### [Work required]
Could you please retype exactly the lines from the start of the records below through the line that contains "Written by Simon Kinberg.", both included, and leave out the pictures?

### [Input data]
--- START ---

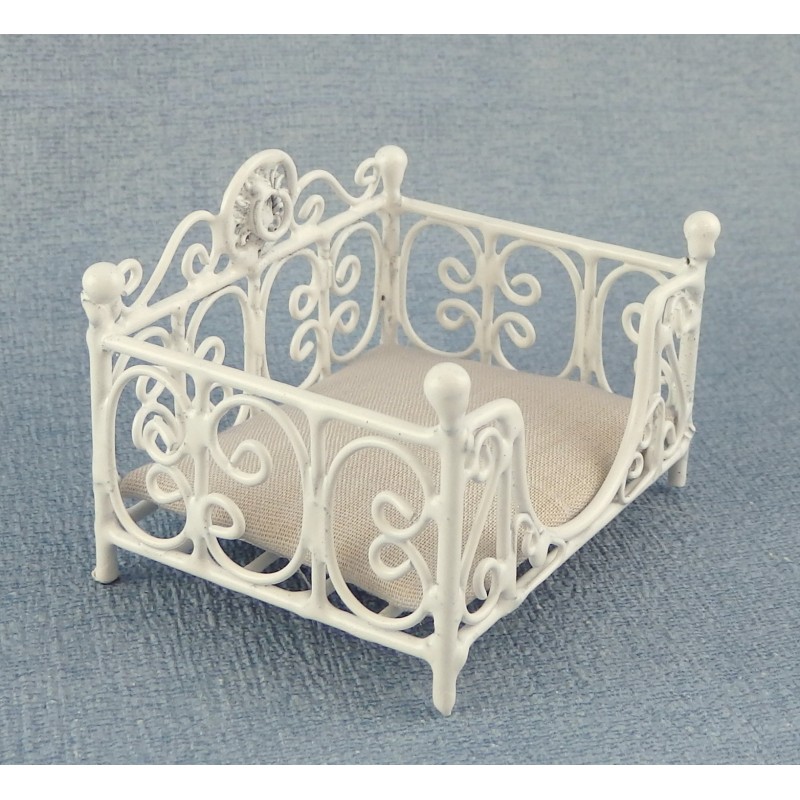 Dolls House Prince or Princess Dog Cat Bed Basket White Miniature Pet Accessory 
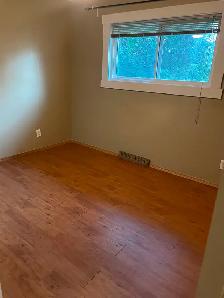 House (Main Level) Rental in Fairview SE Calgary (3 bedroom) - Photo 3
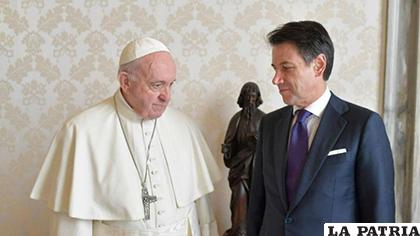 El Papa Francisco junto al representante del gobierno italiano,  Giuseppe Conte /vaticannews.va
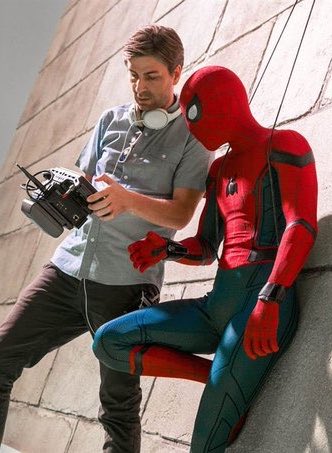 FilmUpdates's tweet photo. Jon Watts is attached to direct the first installment of a new Star Wars trilogy, intended to continue the Skywalker Saga.
Written by Simon Kinberg.
๐ https://t.co/bPHgfLV4av https://t.co/JqYH7qETYG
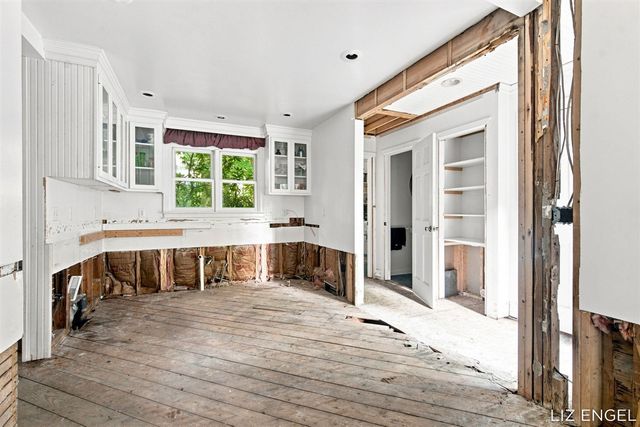 2309 Forest Trail Circle, Fennville, MI 49408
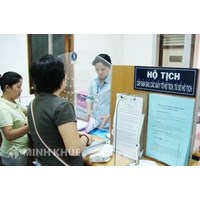 Đăng ký khai sinh cho con mang họ cha khi bố mẹ không đăng ký kết hôn ?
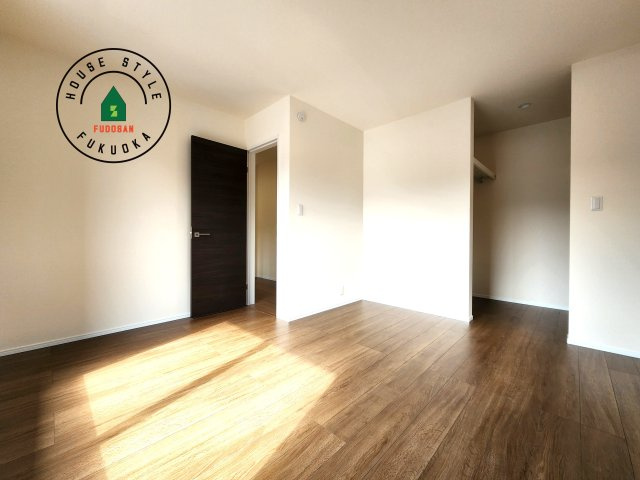 糟屋郡篠栗町庄5丁目第1-1棟（1号棟）の内観：施工例|主寝室には収納力に優れたクローゼットがありますので、お部屋もすっきり片付きます。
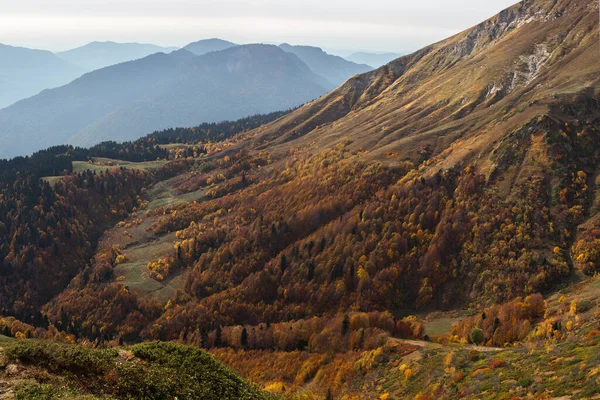 Prachtig panorama van bergen, vrijheid en schoonheid van de natuur. — Stockfoto
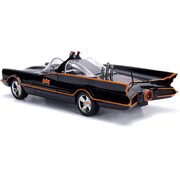 Jada 1:18 Classic TV Series 1966 Batmobile with Lights Batman and Robin 98625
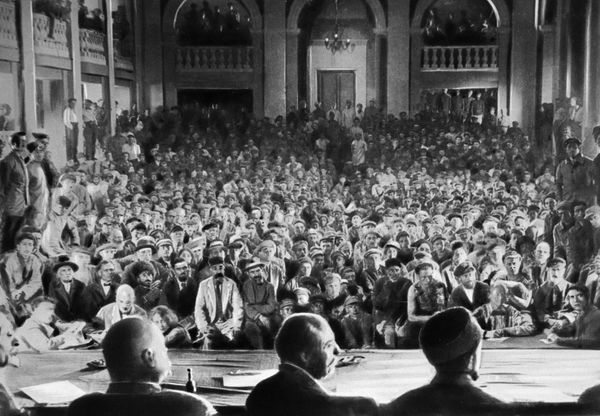 Заседание Совета с участием бакинских комиссаров. Баку, 1917 год - Sputnik Азербайджан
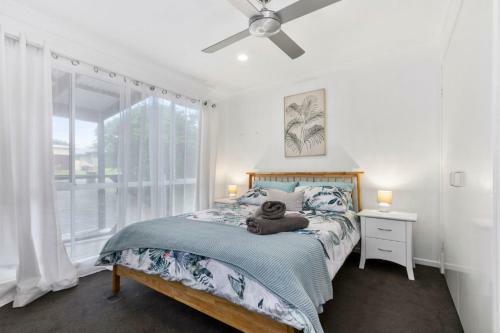 Baileys Retreat - Pet Friendly - 10 Mins Walk To Beach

--- END ---

### [Written response]
 Dolls House Prince or Princess Dog Cat Bed Basket White Miniature Pet Accessory 
 House (Main Level) Rental in Fairview SE Calgary (3 bedroom) - Photo 3
 El Papa Francisco junto al representante del gobierno italiano,  Giuseppe Conte /vaticannews.va
 FilmUpdates's tweet photo. Jon Watts is attached to direct the first installment of a new Star Wars trilogy, intended to continue the Skywalker Saga.
Written by Simon Kinberg.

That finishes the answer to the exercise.